All of lore.kernel.org
 help / color / mirror / Atom feed
From: Like Xu <like.xu.linux@gmail.com>
To: Jim Mattson <jmattson@google.com>,
	Sean Christopherson <seanjc@google.com>
Cc: Sandipan Das <sandipan.das@amd.com>,
	Paolo Bonzini <pbonzini@redhat.com>,
	Ravi Bangoria <ravi.bangoria@amd.com>,
	kvm@vger.kernel.org, linux-kernel@vger.kernel.org,
	Santosh Shukla <santosh.shukla@amd.com>,
	"Tom Lendacky (AMD)" <thomas.lendacky@amd.com>,
	Ananth Narayan <ananth.narayan@amd.com>
Subject: Re: [PATCH 5/5] KVM: x86/pmu: Hide guest counter updates from the VMRUN instruction
Date: Mon, 29 May 2023 22:51:51 +0800	[thread overview]

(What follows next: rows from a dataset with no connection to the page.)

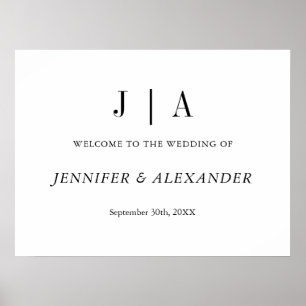 Affiche Mariage Monogramme Noir Et Blanc Moderne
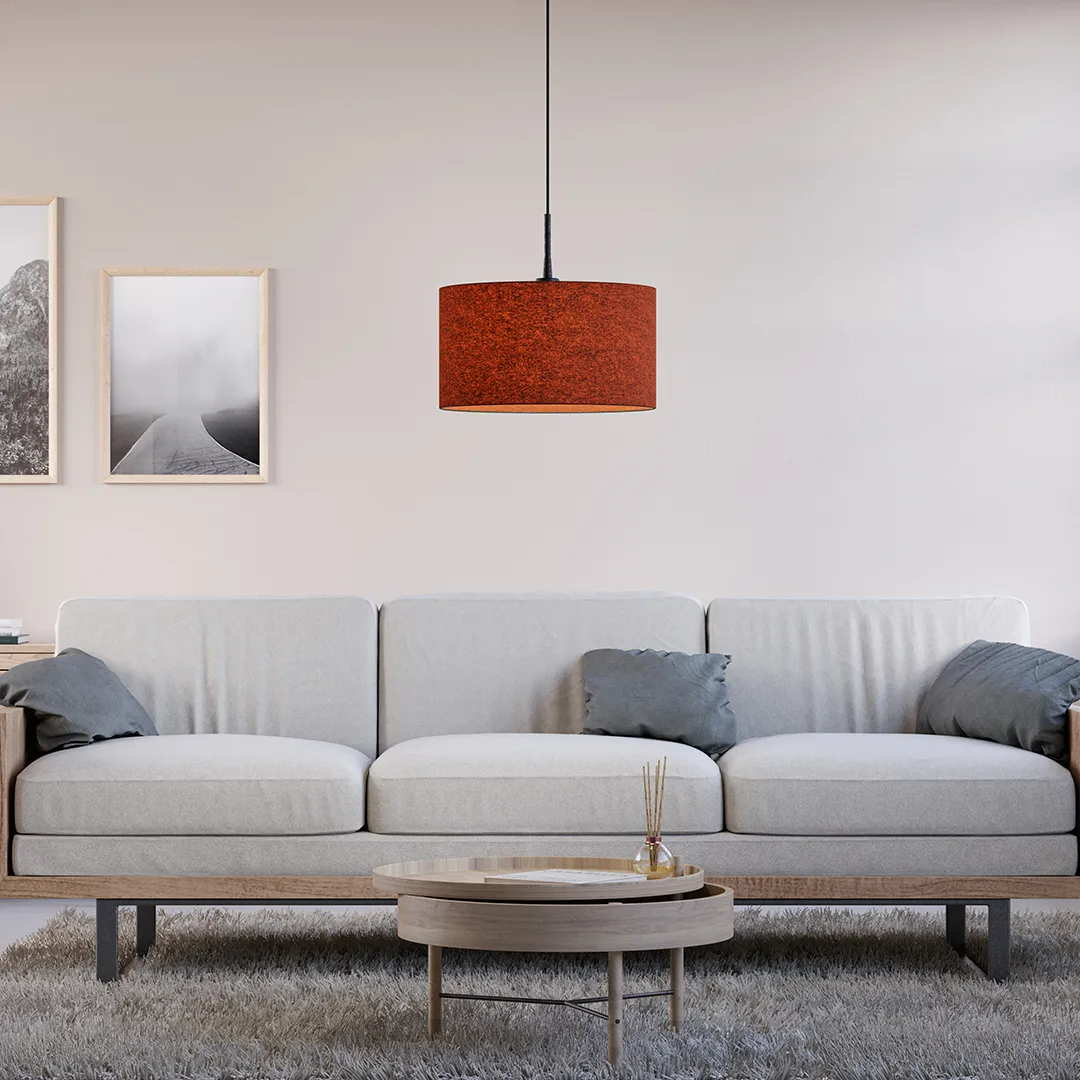 Soft pendel Ø40 cm, Rustrød uld Belid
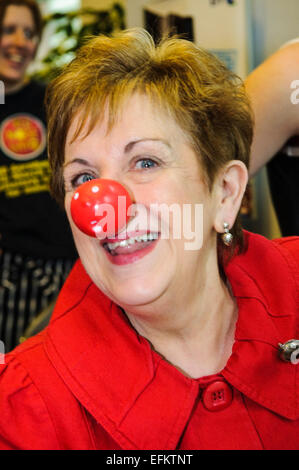 Northern Ireland comedienne and actor/actress Olivia Nash helps out at Comic Relief's Red Nose Day. Stock Photo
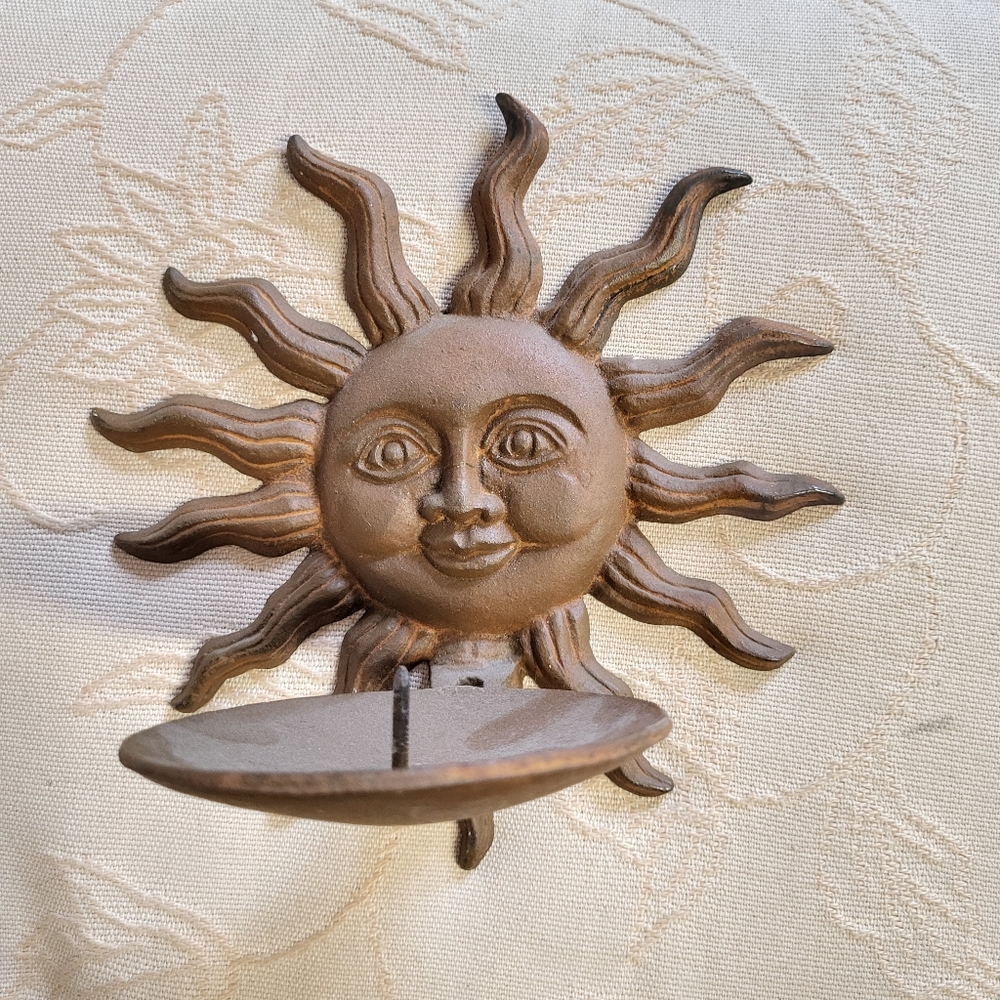 Vintage 90s sun  celestial boho wrought iron candle holder Wall sconce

Message-ID: <ec42501c-2e66-5248-5b97-4827344418f3@gmail.com> (raw)
In-Reply-To: <CALMp9eQrDX6=gJzybegjzDJ665NCuWmESt-sZrKHcncnuENdpA@mail.gmail.com>

On 25/5/2023 5:32 am, Jim Mattson wrote:
> On Wed, May 24, 2023 at 2:29 PM Sean Christopherson <seanjc@google.com> wrote:
>>
>> On Wed, May 24, 2023, Jim Mattson wrote:
>>> On Wed, May 24, 2023 at 1:41 PM Sean Christopherson <seanjc@google.com> wrote:
>>>>
>>>> On Wed, Apr 26, 2023, Sandipan Das wrote:
>>>>> Hi Sean, Like,
>>>>>
>>>>> On 4/19/2023 7:11 PM, Like Xu wrote:
>>>>>>> Heh, it's very much explicable, it's just not desirable, and you and I would argue
>>>>>>> that it's also incorrect.
>>>>>>
>>>>>> This is completely inaccurate from the end guest pmu user's perspective.
>>>>>>
>>>>>> I have a toy that looks like virtio-pmu, through which guest users can get hypervisor performance data.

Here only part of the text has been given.